Your assignment: Restate the listing below word for word, and leave its pictures behind.

Information supplied:
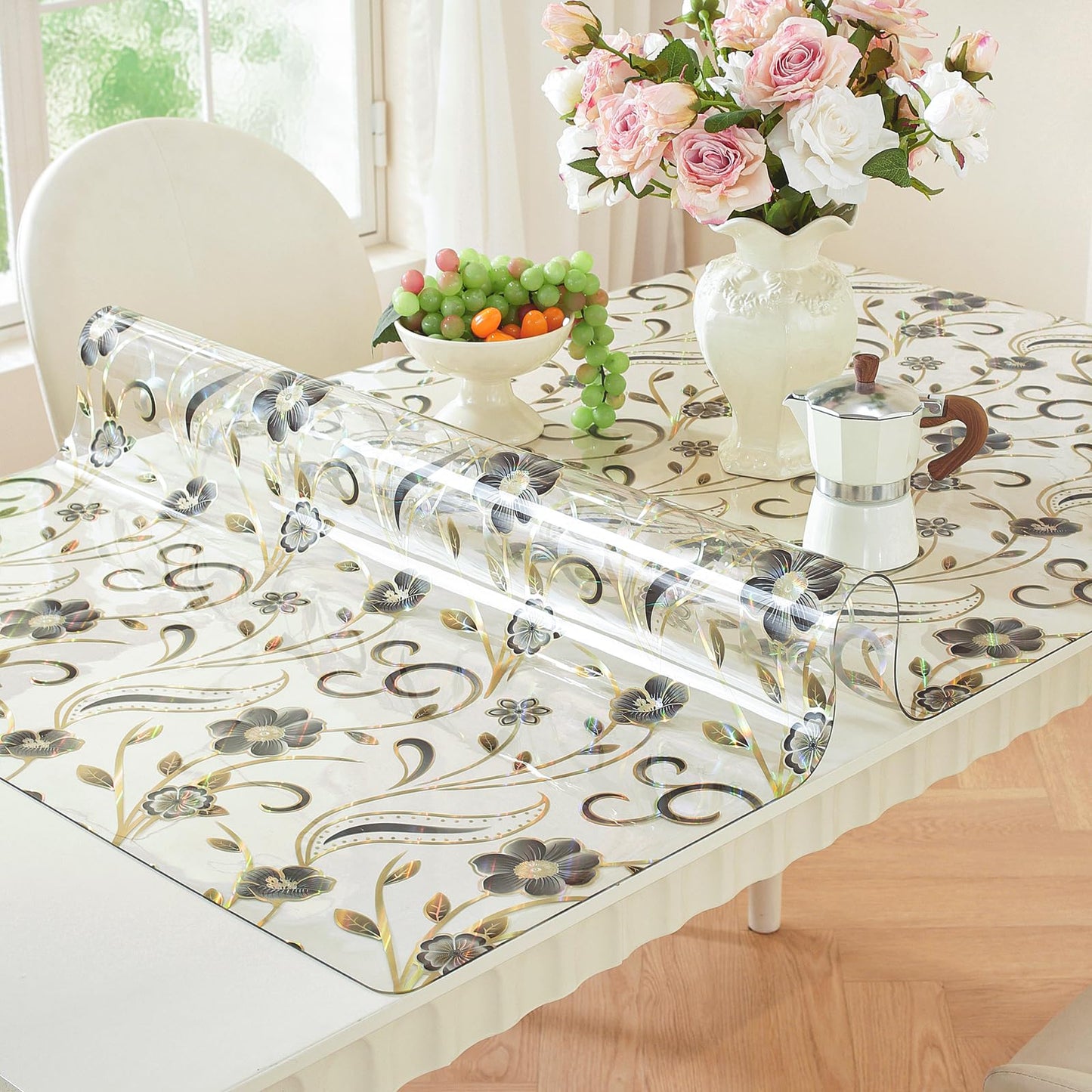 LovePads Floral Table Protector 24 x 48 Inch, 1.5mm Thick Plastic Table Cover, Waterproof Vinyl Tablecloth Rectangular Desk Protector Mat for Kitchen, Dining Room & Coffee Tabletop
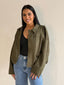 LENA SUEDE BOMBER- KHAKI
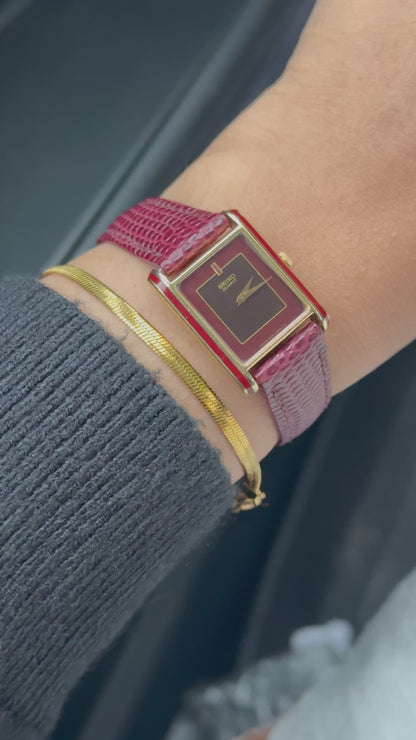 Vintage Rare Seiko Maroon Tank Unisex watch: Leather Strap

Response to the exercise:
 LovePads Floral Table Protector 24 x 48 Inch, 1.5mm Thick Plastic Table Cover, Waterproof Vinyl Tablecloth Rectangular Desk Protector Mat for Kitchen, Dining Room & Coffee Tabletop
 LENA SUEDE BOMBER- KHAKI
 Vintage Rare Seiko Maroon Tank Unisex watch: Leather Strap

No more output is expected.